Do You Have the Correct Forms?

Another mistake many people make when filing bankruptcy without an attorney is not filling out the right papers or not completing the forms. There is a packet of forms which include schedules, statements, and documents required to file bankruptcy. Depending on the court, you may need to fill out additional forms.

Do You Know About Credit Counseling?

You may not know it, but you have to attend credit counseling and debtor education classes. In order to file your bankruptcy case, you have to present your completion certificate to the court. And be warned that if you don’t complete this requirement, the court may dismiss your case. After you file your case, you also have to attend a debtor education or personal financial management course. If you fail to complete this course, the court won’t discharge any of your debts.

What Is a Bankruptcy Trustee?

Even if you are filing bankruptcy without an attorney, you have to meet with a bankruptcy trustee. They are usually a local attorney or non-attorney who is familiar with bankruptcy requirements in your state. A few days after you file, you will receive contact information about the trustee. It’s a mistake not to meet with them. Your case could be dismissed.

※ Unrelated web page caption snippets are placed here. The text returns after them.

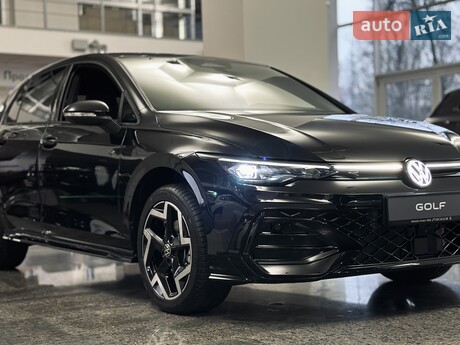 Volkswagen Golf 2025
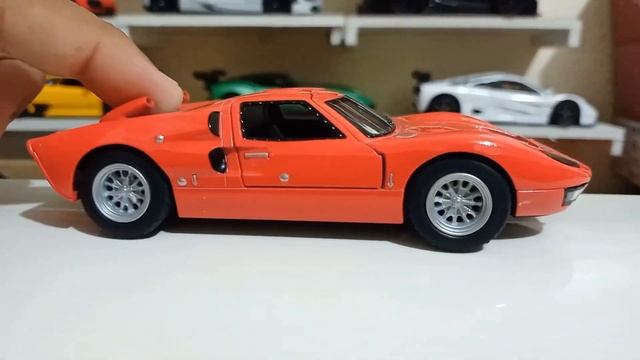 Kinsmart 1966 FORD GT40 MK2 quick video shoot смотреть онлайн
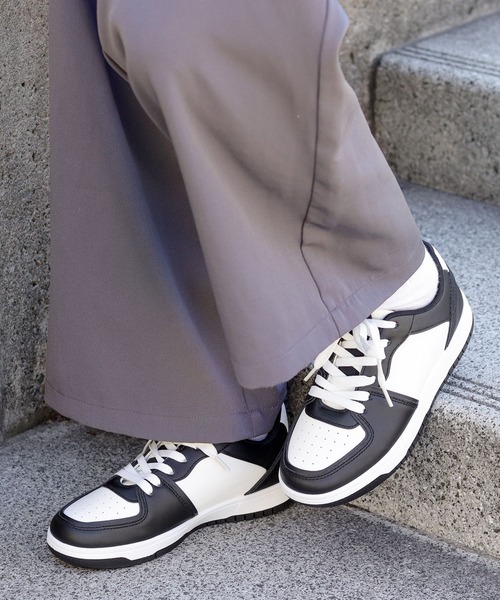 AAA+(サンエープラス)の「軽量 コートスタイルスニーカー(スニーカー・レディース・キャメル/レッド/ブラック/グリーン/ホワイト/ブラック×ブラック・40/41/37/38/39/36/35)」の3枚目の写真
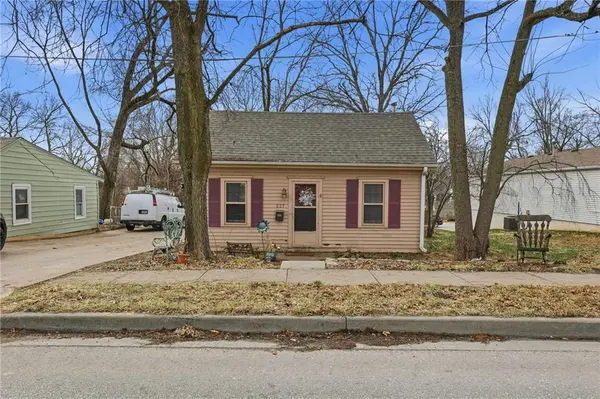 537 E Mill ST, Liberty, MO 64048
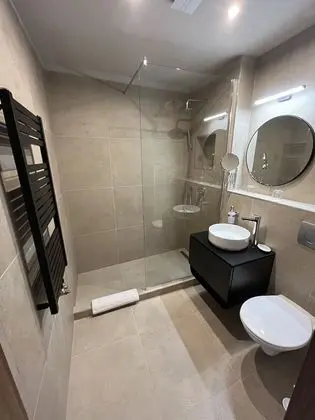 Deluxe Apartment with 2 bedrooms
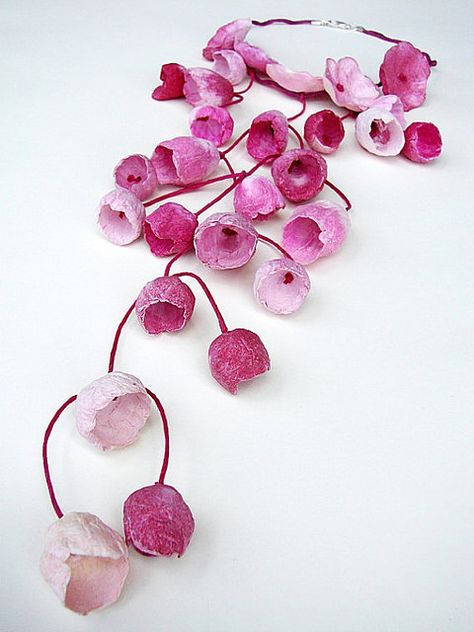 Beautiful and unusual paper jewelry and eco wedding decor handmade by Italian designer Alessandra Fabre Repetto. Paper Mache Flowers, Paper Necklace, Paper Jewellery, Jewellery Business, Eco Wedding, Paper Mache Crafts, Crepe Paper Flowers, Paper Floral, Eco Friendly Paper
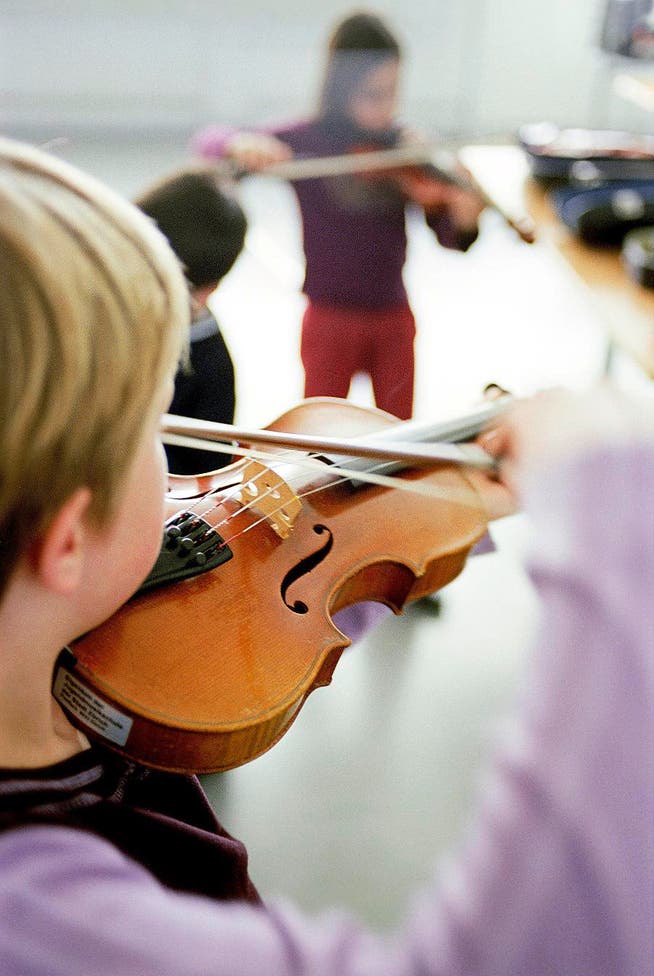 Die Rontaler Musikschulen sollen fusionieren. Bild: Gaetan Bally/Keystone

Do You Know What’s Exempt From Bankruptcy?

An exemption is a property you are allowed to keep after you file for bankruptcy. If you don’t know about exemptions, you need to do research and make sure the information is correct. Failure to understand exemptions could affect what you can keep and what you might lose.

Have You Planned for Your Meeting of Creditors?

Another requirement for your bankruptcy is a hearing called the meeting of creditors, or a 341 hearing. The court will send you a letter about the time, date, and place of your meeting. If you don’t go, your case might be dismissed.

Don’t Make the Mistake of Filing Bankruptcy Without an Attorney

An experienced Middletown OH bankruptcy lawyer at Andrade Law Offices LLC can help you avoid mistakes that can happen when trying to file bankruptcy on your own. Call us today to learn more about how we can help.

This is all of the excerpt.